Give me a break! Doesn’t the NCAA have bigger fish to fry? I mean, isn’t an ex-Heisman Trophy winner under the microscope for taking cash, a car and a rent-free house for his family while his football team was on a national championship run? Is it just me or does the whole system seem out of whack on this one?
It has long been thought that the NCAA is like the small town sheriff looking to bust locals driving 56 MPH in a 55 MPH zone while the cocky out-of-towner doing 90 gets away scott-free while Sheriff NCAA scrawls-out a meaningless ticket.
Mayo is now under investigation for improperly receiving benefits – a violation of NCAA policy and they are looking into the matter. What the NCAA will uncover during their probe is that Melo is as generous with tickets as Barry Bonds is as generous with being an ass. Melo is known for giving away tickets to friends, charities and even fans. It is common practice for Melo to dish free tickets even while on the road. It really came as no shock when a couple of free tickets for the Nuggets vs. Lakers game last week ended up in Mayo’s hands. So where is the improper benefit in that gesture? It was a basketball game, not a Lexus.
To make things right, the NCAA may have Mayo donate the $460 (face value of the pair of tickets) to charity. If this was any other freshman I would be even more outraged – I could scarcely afford the $460 per semester for books and scraping together an extra five bills would have killed me. Mayo on the other hand probably keeps $460 in the ash tray of his Range Rover, but that’s not the point of this diatribe.

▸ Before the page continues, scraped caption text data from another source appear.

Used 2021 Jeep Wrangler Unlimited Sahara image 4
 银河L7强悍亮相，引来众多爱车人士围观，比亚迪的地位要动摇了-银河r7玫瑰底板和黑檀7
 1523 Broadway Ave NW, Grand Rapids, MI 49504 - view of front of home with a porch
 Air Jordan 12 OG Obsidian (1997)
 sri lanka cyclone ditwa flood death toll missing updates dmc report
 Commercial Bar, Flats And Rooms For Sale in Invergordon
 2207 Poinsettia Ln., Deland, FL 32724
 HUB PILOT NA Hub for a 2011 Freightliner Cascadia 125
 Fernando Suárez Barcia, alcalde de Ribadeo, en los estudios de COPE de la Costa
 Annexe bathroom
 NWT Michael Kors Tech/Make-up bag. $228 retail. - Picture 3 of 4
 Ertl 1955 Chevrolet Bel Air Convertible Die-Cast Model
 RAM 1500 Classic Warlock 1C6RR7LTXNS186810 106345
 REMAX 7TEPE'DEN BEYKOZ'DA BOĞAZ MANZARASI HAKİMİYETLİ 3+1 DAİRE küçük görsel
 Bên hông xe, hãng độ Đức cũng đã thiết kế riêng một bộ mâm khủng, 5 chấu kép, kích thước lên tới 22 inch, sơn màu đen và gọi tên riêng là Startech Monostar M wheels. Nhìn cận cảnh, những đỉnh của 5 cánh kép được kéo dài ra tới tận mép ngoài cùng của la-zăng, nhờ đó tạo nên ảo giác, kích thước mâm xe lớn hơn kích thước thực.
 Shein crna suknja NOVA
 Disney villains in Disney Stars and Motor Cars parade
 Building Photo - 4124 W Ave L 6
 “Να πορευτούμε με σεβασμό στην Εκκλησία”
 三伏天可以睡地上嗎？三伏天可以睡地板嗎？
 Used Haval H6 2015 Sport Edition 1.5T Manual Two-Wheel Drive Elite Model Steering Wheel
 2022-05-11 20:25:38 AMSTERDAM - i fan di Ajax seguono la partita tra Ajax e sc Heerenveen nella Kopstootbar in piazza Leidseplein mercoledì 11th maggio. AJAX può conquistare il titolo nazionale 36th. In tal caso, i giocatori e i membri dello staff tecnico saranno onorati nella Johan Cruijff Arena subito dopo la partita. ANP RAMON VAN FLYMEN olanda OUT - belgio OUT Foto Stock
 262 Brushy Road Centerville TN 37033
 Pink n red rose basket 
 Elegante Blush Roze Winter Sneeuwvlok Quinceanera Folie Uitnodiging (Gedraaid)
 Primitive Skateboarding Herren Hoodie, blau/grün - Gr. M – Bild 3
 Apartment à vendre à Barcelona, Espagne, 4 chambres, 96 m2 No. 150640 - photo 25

I think that NCAA basketball picks what cases to pursue based on the profile of the athlete and how damaging the end result could be to the institution and the NCAA as a whole. Why didn’t the NCAA go after Bush while he was still on campus? You can’t tell me that it takes over two years after a guy leaves school to put a case together for rules violations. We are talking hundreds of thousands of dollars here and there has got to be a paper trail a mile long. I guess Mayo is an easier target. He’s flashy, marketable and practically recruited himself to USC. The NCAA has had their radar gun on him for a while.
Now some NCAA basketball expert picks the Mayo/Melo situation to investigate. Congrats! Now the NCAA can shout to the sports world “look, we caught this guy driving 36 MPH in a 35 MPH zone, and boy howdy is he gonna pay for it!”
Zoom, there goes Bush and his cohorts driving 90 MPH in their ill-gotten luxury car, changing lanes without signaling, talking on cell phones, one headlight missing and dragging the reputation of the Heisman Trophy along behind them.